04/09/12

TLC UE-Colombie/Pérou: Accord à sens unique au service d'une minorité

Au mois d'octobre, le Parlement Européen va devoir se prononcer sur l'accord de libre échange entre l'UE et la Colombie et le Pérou.

Au mois d'octobre, le Parlement Européen va devoir se prononcer sur l'accord de libre échange entre l'UE et la Colombie et le Pérou. On craint, hélas, qu'il vote pour, étant donné que l'UE ne cesse depuis des mois de vanter les bienfaits de cet accord pour les pays concernés.
 
Un mémo de la Commission européenne(1) souligne, en effet, que l'accord de libre échange entre l'UE, la Colombie et le Pérou augmentera la stabilité de leurs relations commerciales qui valait 16 milliards d'euros en 2010. Elle avance également que l'accord inclut des mesures sur la protection des droits humains ainsi que des engagements pour implanter des conventions internationales sur le droit du travail et la protection de l'environnement. Mais est-ce vraiment le cas ? Intal et M3M lisent entre les lignes.

Bénefices pour l'UE de l'élimination des taxes douanières

L'UE affirme que grâce à l'accord de libre échange, les barrières douanières tombent. De ce fait, les industries exportatrices de produits issus de l'UE ne devront pas payer de taxes douanières à l'entrée de la Colombie et du Pérou. C'est donc des gains concrets pour les secteurs qui exportent déjà vers ces régions mais également de nouvelles opportunités pour ceux qui sont toujours en dehors de ces marchés. Par exemple, grâce à l'abolition des barrières douanières, les produits pharmaceutiques vont être soulagés par an de 16 millions de taxes douanières.

 
Cet accord va, en effet, être positif pour les multinationales pharmaceutiques, mais va également avoir un impact négatif sur le secteur de la santé en Colombie et au Pérou. Avec la disparition des taxes douanières, les recettes fiscales de ces gouvernements vont chuter. De ce fait, les dépenses sociales, à commencer par le secteur des soins de santé, risquent d'être revues à la baisse. Dans le cas du Pérou, une baisse de revenu des taxes de 27,8% est à prévoir.(2) Pourtant, l'UE ne voit pas cela comme un danger et, face à cet argument, elle répond que tout ce processus ne va pas se faire en une fois et qu'ils auront donc le temps de trouver des alternatives de revenus. Force est de constater que leurs arguments sont peu convaincants.

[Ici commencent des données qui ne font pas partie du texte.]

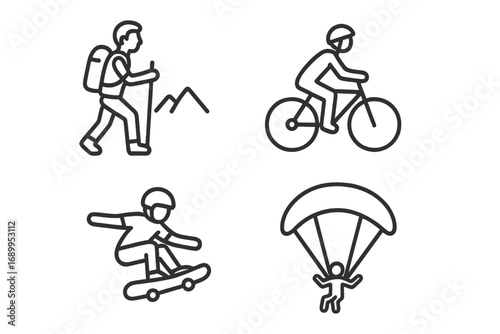Outdoor activities and extreme sports line icon set. Adventure concept with hiking, biking, skateboarding, parachuting. Active lifestyle and leisure hobby vector pictograms.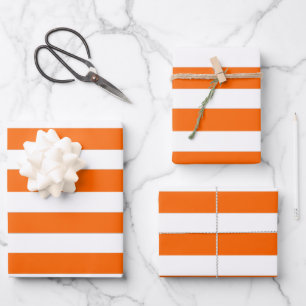 Orange and White Stripes  Wrapping Paper Sheet
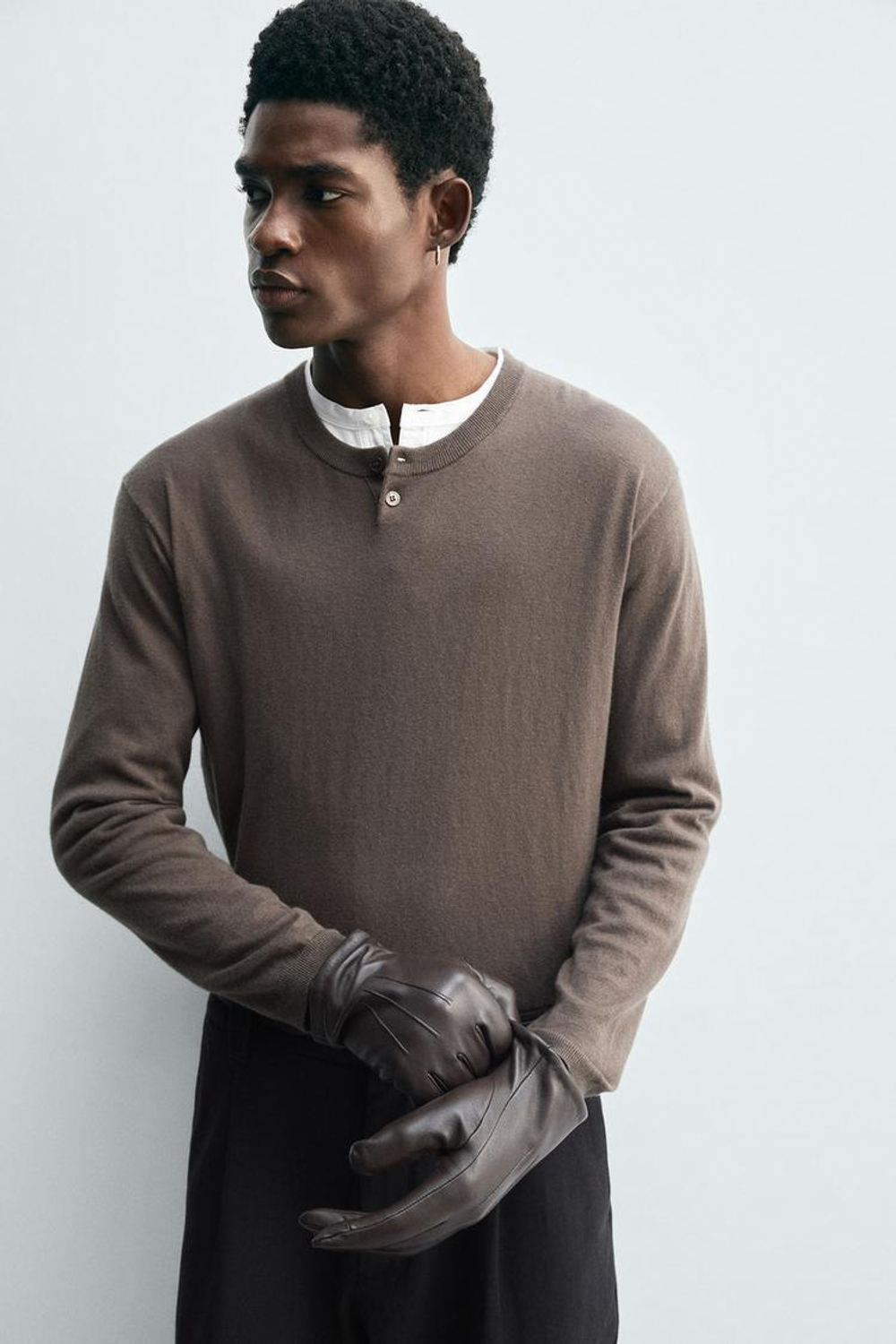 ZARA БАЗОВЫЕ КОЖАНЫЕ ПЕРЧАТКИ, ШОКОЛАДНЫЙ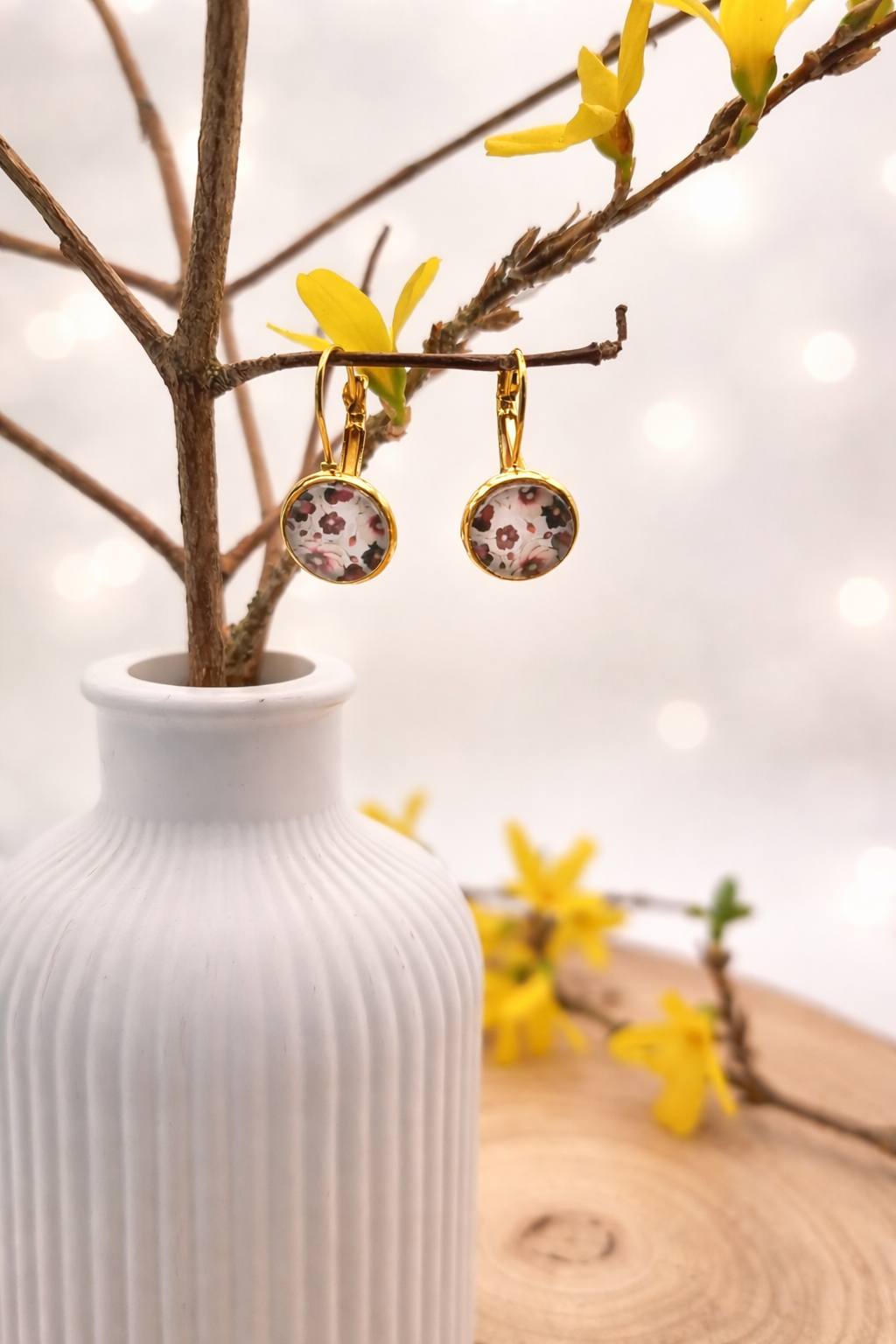 Ohrhänger "Blütenzauber - Roségarten" - Edelstahl Klappbrisur goldfarben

Entrée sur le marché péruvien et colombien des grandes entreprises européennes et des multinationales

De plus, le mémo avance que les entreprises européennes vont faire face à un environnement compétitif, ouvert et juste étant donné qu'avec l'accord, les Parties sont tenues par leur législation nationale et régionale de ne pas avoir de pratiques anticoncurrentielle comme les cartels, l'abus de dominance ou encore les accords restrictifs.

 
Les entreprises péruviennes et colombiennes ne font déjà pas le poids face aux géants européens. Est-ce donc un environnement juste pour les trois Parties? Ou sommes-nous dans une situation où l'UE émet des règles qui ne peuvent intervenir qu'au regard de ses propres intérêts ? Les multinationales pharmaceutiques, par exemple, auront tout le luxe de s'implanter en Colombie ou au Pérou, rendant petit à petit les soins de santé privés. La privatisation des soins de santé a pourtant des conséquences dramatiques pour les populations qui ne peuvent pas se payer des soins de santé à prix plus élevés.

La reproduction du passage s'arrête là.